Ella se incorporó de golpe en la cama:
—¿Mi conducta con los prusianos? ¡Pero si me obligaron a hacerlo! Si no me cuidé fue porque quise envenenarlos. ¡Si hubiera querido curarme no habría sido difícil! ¡Pero yo quería matarlos y los maté!
Él permanecía de pie:
—En cualquier caso, es vergonzoso —dijo.
Ella tuvo un acceso de ahogo y replicó:
—¿Qué tiene de vergonzoso haberme dejado morir para exterminarlos? No hablabas así cuando venías a mi casa, en la rue Jeanne-d’Arc. ¡Ah! ¡Es vergonzoso! ¡Tú no habrías hecho lo mismo con tu cruz de honor! Yo la merezco más que tú, ¿sabes?, más que tú; ¡y he matado a más prusianos que tú!
Él se quedó atónito, temblando de indignación.
—¡Calla!… sabes… calla… porque… esas cosas… no permito que se toquen…
Pero ella no lo escuchaba:
—¡Como si ustedes les hubieran hecho gran daño a los prusianos! ¿Habrían llegado a Rouen si los hubieran detenido? ¡Era a ustedes a quienes tocaba detenerlos! Y yo les he hecho más daño que tú, sí, más, porque yo muero, mientras tú vas por ahí pavoneándote para seducir mujeres…

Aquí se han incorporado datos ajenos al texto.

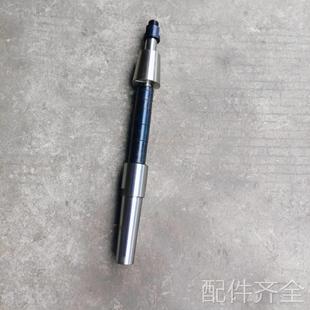 机床配件重庆滚齿机配件Y3150E Y3180E滚刀刀杆莫氏5号内螺丝M18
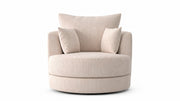 Harlow ( Swivel Chair )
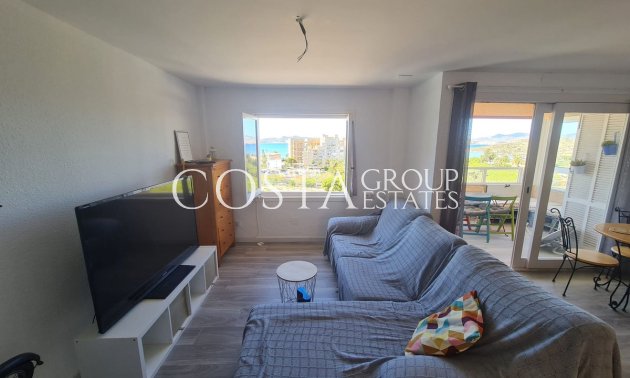 Revente - Apartments -
San Javier - La Manga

De cada cama se erguía una cabeza; todos los ojos estaban fijos en aquel hombre con uniforme que balbuceaba:
—¡Calla… sabes… calla!
Pero ella no callaba, gritaba:
—¡Sí, no eres más que un fanfarrón! Te conozco bien. Te repito que he hecho más daño que tú y que he matado a más que todo tu regimiento junto. ¡Vete, cobarde!
Y él, de hecho, se iba, huía, estirando sus largas piernas, atravesando las dos hileras de lechos donde se agitaban las sifilíticas. Y aún oía la voz jadeante de Irma que lo perseguía:
—¡Más que tú, sí, he matado más que tú, más que tú!
Bajó la escalera de cuatro en cuatro y corrió a encerrarse en su casa.
Al día siguiente, se enteró de que ella había muerto.